[About this exercise]
Look at the data below and print exactly the lines from its first line through the line with "WINDHAGER Kunstbast 400 m grün"; the pictures stay out of the copy.

[Entries provided]

=== Begin Enclosure ===

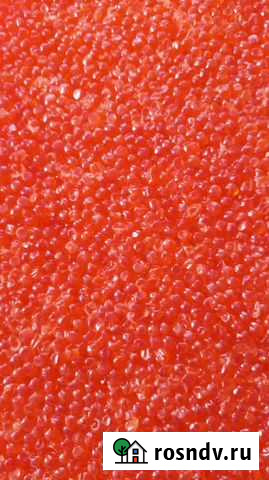 Красная икра горбуши Искитим - изображение 1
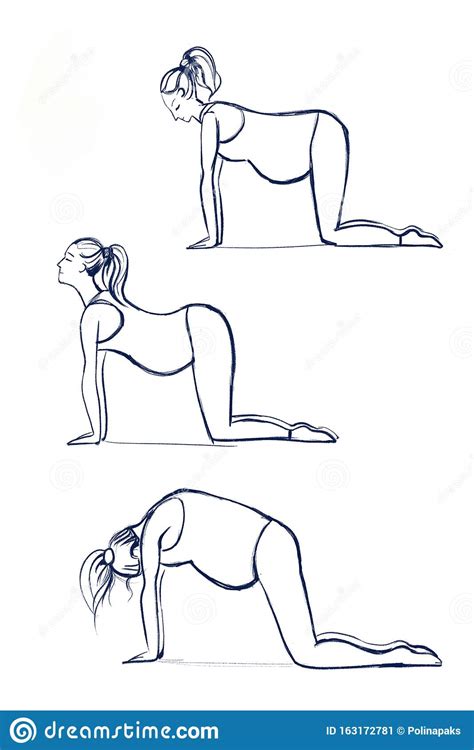 Safe prenatal yoga poses to help prepare for giving birth. Cat And Cow Yoga Pose Sketch On White Background. Illustration Of A Pregnant Woman Doing Yoga ...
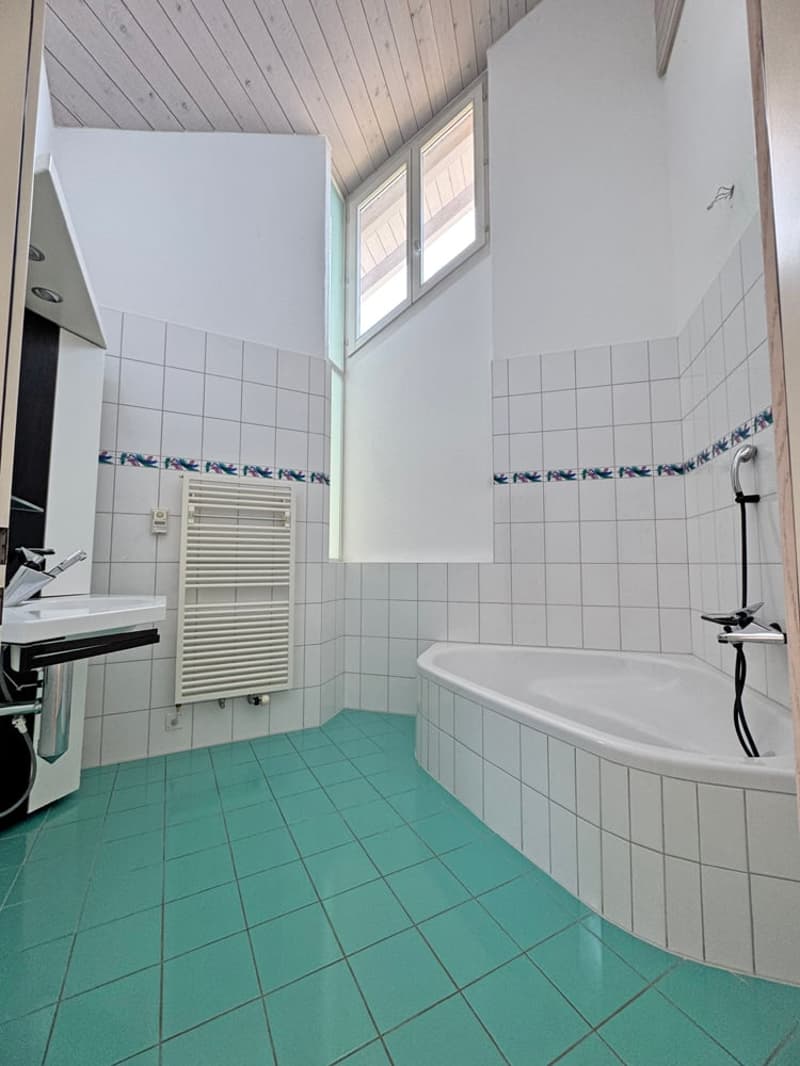 5.5 Zi. EFH mit Studiowohnung und beneidenswerter Weitsicht (27)
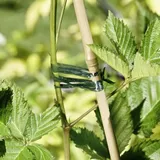 WINDHAGER Kunstbast 400 m grün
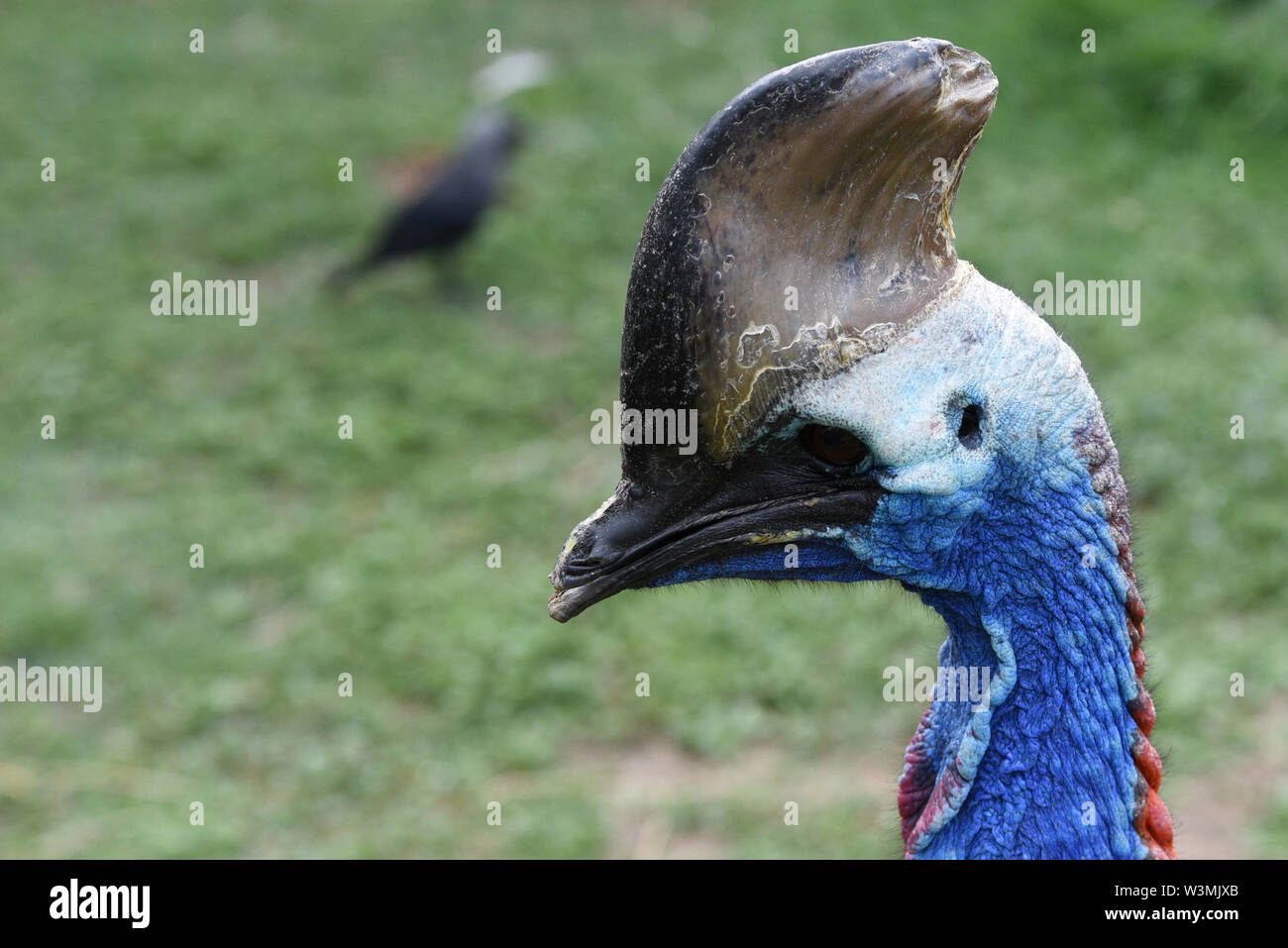Madrid Madrid Spain 16th July 2019 A Specimen Of Southern Madrid Madrid Spain 16th July 2019 A Specimen Of Southern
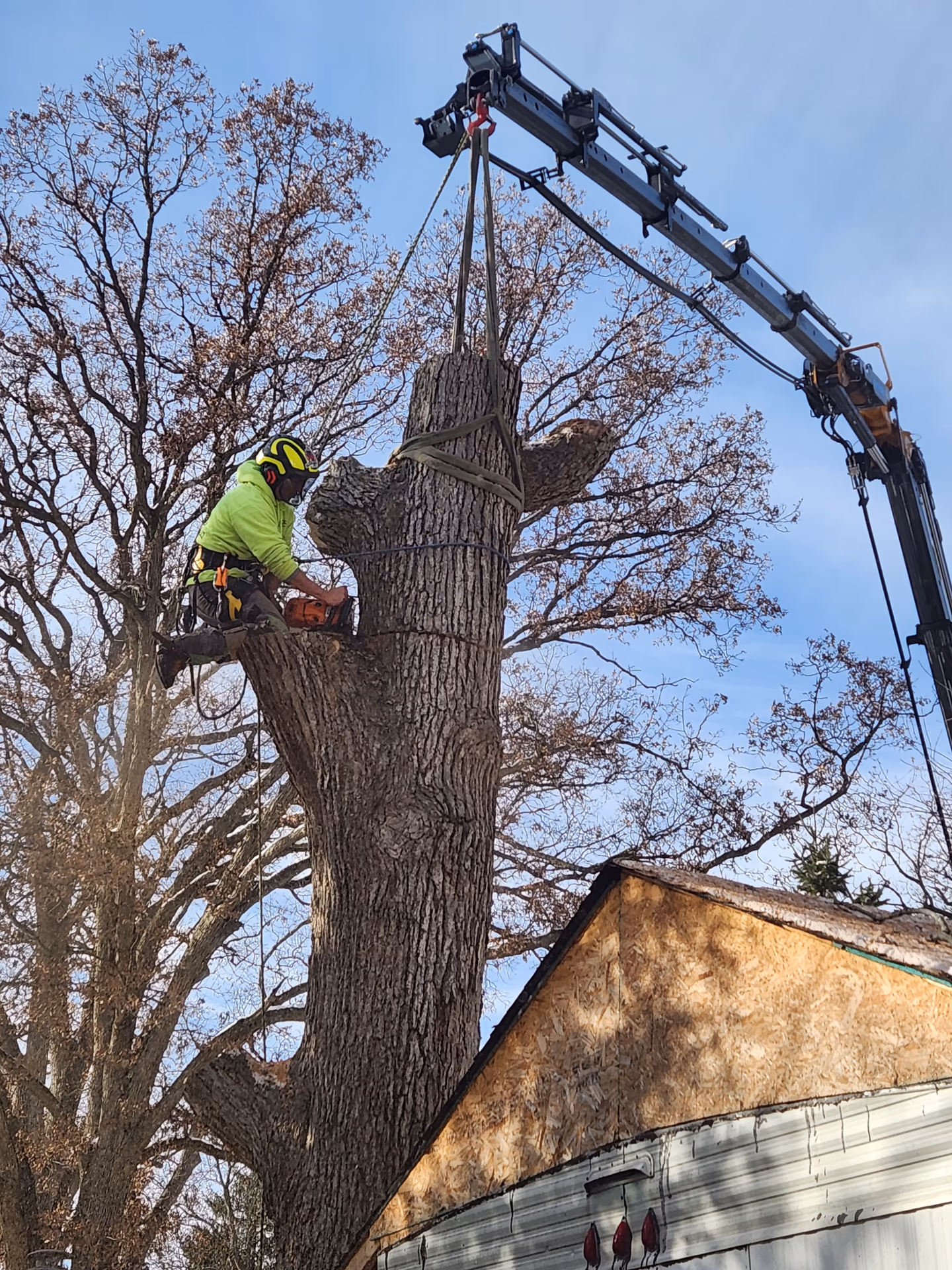 Arborist making a chainsaw cut on a maple trunk section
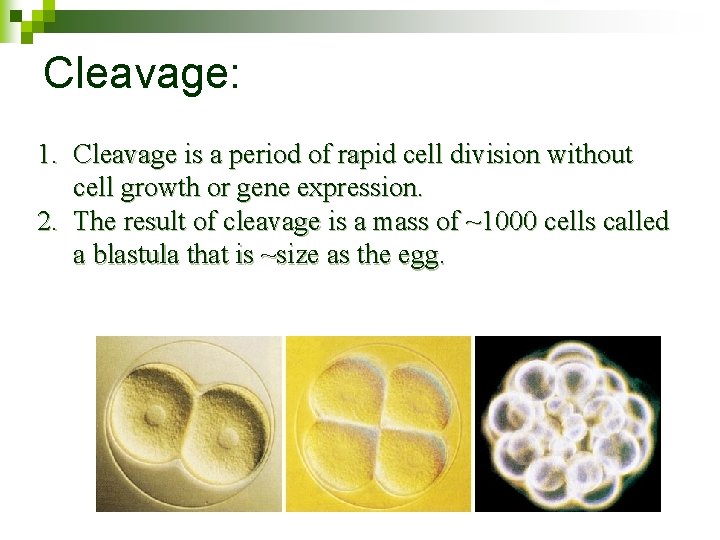 Cleavage: 1. Cleavage is a period of rapid cell division without cell growth or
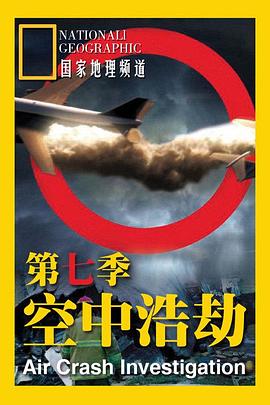 空中浩劫第七季(2009)海报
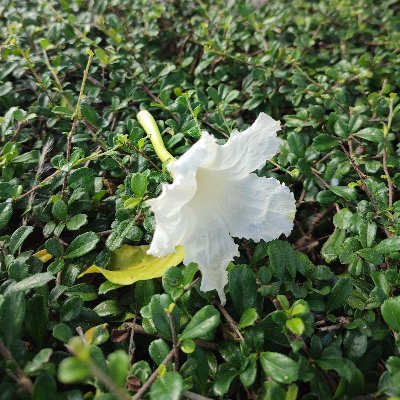 Moommoooomaaaa's profile picture. 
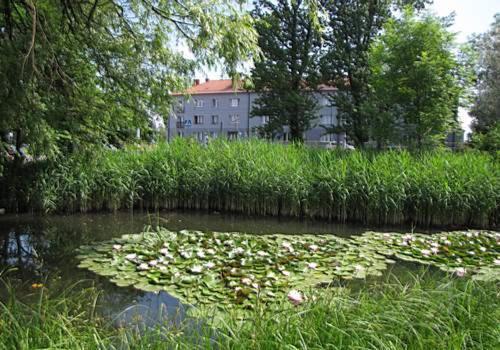 hotel image 36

=== End Enclosure ===

[Written answer]
 Красная икра горбуши Искитим - изображение 1
 Safe prenatal yoga poses to help prepare for giving birth. Cat And Cow Yoga Pose Sketch On White Background. Illustration Of A Pregnant Woman Doing Yoga ...
 5.5 Zi. EFH mit Studiowohnung und beneidenswerter Weitsicht (27)
 WINDHAGER Kunstbast 400 m grün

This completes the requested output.